African_Distrust_of_Chinese_Investment
In 2009, China surpassed the United States as Africa’s largest trading partner. Its investments on the African continent have seen astronomical growth in a relatively short period of time — going from $10 billion in 2000 to $200 billion in 2013.

Because of this trading relationship, Africa has experienced an explosion of infrastructure projects and cheap Chinese goods supporting Africa’s consumer market. In exchange, Africa trades valuable minerals and oil, which supports China’s ever growing manufacturing sector.

Mostly, this relationship has been stable but recent shifts in African attitudes toward its biggest investor have caused tension. Some claim that China is no different from the colonial powers that dominated the continent in the past.

Many Africans point to China’s crusade for minerals as evidence of a one-sided relationship that mostly benefits the Chinese. Jobs are scarce in the region with 80% of Africans in “vulnerable employment.” Some claim Africans are missing out on potential jobs, due to the fact that minerals are exported to China in their raw form instead of being processed prior to export. These processing jobs are lost on the African people.

Another example of disappearing jobs can be found in the agricultural sector. For example, many peanut processing plants face extinction simply because China buys the crop and immediately exports it home, forgoing the processing in Africa.

Even the credit that China supplies to Africa comes with hefty strings attached. The money loaned is only to be spent on Chinese goods and Chinese infrastructure. Many of the infrastructure projects are built exclusively using Chinese workers instead of locals.

A sense of losing out on lucrative business opportunities, and the suspicion of colonial intentions, has ultimately boiled over into violence against Chinese workers. Recently, residents of Ghana attacked Chinese miners, blaming them for taking jobs usually reserved for Africans. The miners were mercilessly beaten — up to 200 were eventually deported.

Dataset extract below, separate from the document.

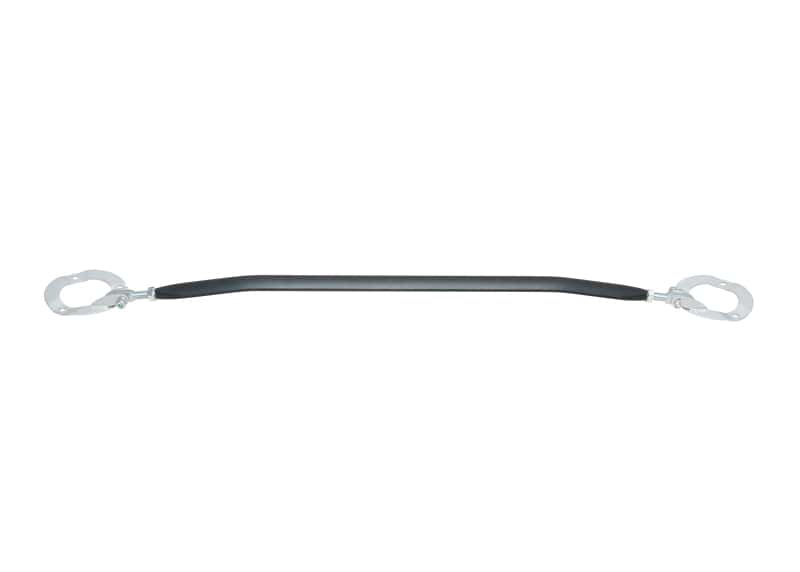 Whiteline — Whiteline 99-05 BMW 3 Series E46 excl M3 Front adjustable strut tower brace excl traction control
Strut Brace - view 3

African citizens are not the only ones bearing mistrust for Chinese investment; government officials have been involved in blocking Chinese oil production in multiple countries.

The Niger government has been erasing various parts of a Chinese oil contract that it deems threatening. It commissioned an auditor to review business expenses by the Chinese National Petroleum Corporation and found instances of price gouging and charges that seem less than fair.

In Gabon, an oil field permit was revoked from the Chinese company Sinopec. It was then awarded to a national company.

Many see Africa leveraging its resources as an attempt to prevent wealth from leaving the continent. This is due to the fact that despite numerous mineral deposits and a lucrative trading relationship with China, millions of Africans still suffer in extreme poverty.

Although tensions have flared within the Africa-China relationship, it is still an arrangement that most Africans prefer over the Western style of aid where business and infrastructure projects remain separate. Also, as opposed to aid provided by Western nations, China does not attach human rights or democratic reform requirements as a condition of receiving aid.